One of the Netherlands' most popular attractions, cannabis-selling cafes, face an uncertain future under a planned new law banning smoking in public places.
Pot-smokers are dazed by the proposed law
The outlets, which draw millions of tourists each year, allow patrons to buy marijuana over the counter and openly smoke joints without fear of arrest.
Under the new regulations, the cafes, known as "coffee shops", will still be able to sell soft drugs but customers may have to indulge elsewhere.
Coffee shop owners say they are aghast at the prospect.
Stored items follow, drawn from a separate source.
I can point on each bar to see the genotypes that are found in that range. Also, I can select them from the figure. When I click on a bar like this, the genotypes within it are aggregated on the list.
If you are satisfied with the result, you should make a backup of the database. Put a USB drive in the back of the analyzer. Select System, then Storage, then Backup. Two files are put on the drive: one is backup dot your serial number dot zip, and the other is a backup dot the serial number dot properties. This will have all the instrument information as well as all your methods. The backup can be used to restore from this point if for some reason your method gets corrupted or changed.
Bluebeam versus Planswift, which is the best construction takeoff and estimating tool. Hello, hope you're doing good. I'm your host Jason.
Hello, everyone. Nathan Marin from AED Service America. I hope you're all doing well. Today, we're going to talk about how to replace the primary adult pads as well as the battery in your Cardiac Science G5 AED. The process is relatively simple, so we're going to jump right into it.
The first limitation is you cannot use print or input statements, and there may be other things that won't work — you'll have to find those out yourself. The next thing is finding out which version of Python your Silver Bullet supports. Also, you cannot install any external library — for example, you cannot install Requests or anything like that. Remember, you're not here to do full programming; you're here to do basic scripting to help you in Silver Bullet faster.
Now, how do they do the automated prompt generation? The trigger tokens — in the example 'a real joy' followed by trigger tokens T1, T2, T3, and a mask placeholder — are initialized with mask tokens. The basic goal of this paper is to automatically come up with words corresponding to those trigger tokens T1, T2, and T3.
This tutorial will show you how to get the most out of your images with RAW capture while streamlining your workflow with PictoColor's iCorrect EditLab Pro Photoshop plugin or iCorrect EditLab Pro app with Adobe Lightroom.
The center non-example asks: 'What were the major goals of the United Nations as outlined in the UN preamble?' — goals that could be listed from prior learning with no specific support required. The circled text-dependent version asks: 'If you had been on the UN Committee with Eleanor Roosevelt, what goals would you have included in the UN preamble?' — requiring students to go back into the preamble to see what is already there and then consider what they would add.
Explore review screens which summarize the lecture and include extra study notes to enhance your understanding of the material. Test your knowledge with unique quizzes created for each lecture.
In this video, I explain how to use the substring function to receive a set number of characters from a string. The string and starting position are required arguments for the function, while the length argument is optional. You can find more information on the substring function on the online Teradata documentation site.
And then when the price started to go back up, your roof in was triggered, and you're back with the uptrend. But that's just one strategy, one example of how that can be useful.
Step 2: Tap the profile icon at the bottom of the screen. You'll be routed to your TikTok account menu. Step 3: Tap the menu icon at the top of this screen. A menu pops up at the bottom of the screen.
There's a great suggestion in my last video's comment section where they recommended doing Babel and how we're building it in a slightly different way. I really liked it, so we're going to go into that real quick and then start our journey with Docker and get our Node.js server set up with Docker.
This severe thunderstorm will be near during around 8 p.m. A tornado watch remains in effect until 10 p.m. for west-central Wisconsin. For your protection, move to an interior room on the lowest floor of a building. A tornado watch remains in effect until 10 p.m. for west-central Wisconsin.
"The whole point of going to a coffee shop is to smoke," said Arjan Roskam, chairman of the Union for Cannabis Retailers.
The new legislation aims to protect employees from passive smoking, and while coffee shops are not the intended target, all companies with staff will be affected.
They've got to be out of their minds
Annemiek van Royan, coffee shop patron
Coffee shops have been operating in the Netherlands since 1972 and there are now more than 800 such establishments.
Easily distinguishable from more regular cafes by their gloomy exteriors and green neon signs, the cannabis cafes provide menus offering a wide variety of hashish and marijuana.
Although cannabis is formally illegal in Holland, authorities turn a blind eye to its sale and use in controlled environments.
Patrons have reacted to the new law with alarm.
"They've got to be out of their minds," said Annemiek van Royan, a regular smoker in the Kashmir Lounge coffee shop.
"I bought a joint for now and a little more for later at home. The best part is coming here to relax. It makes my day!"
The new law, which is due to be approved by the government soon, will come into effect next January.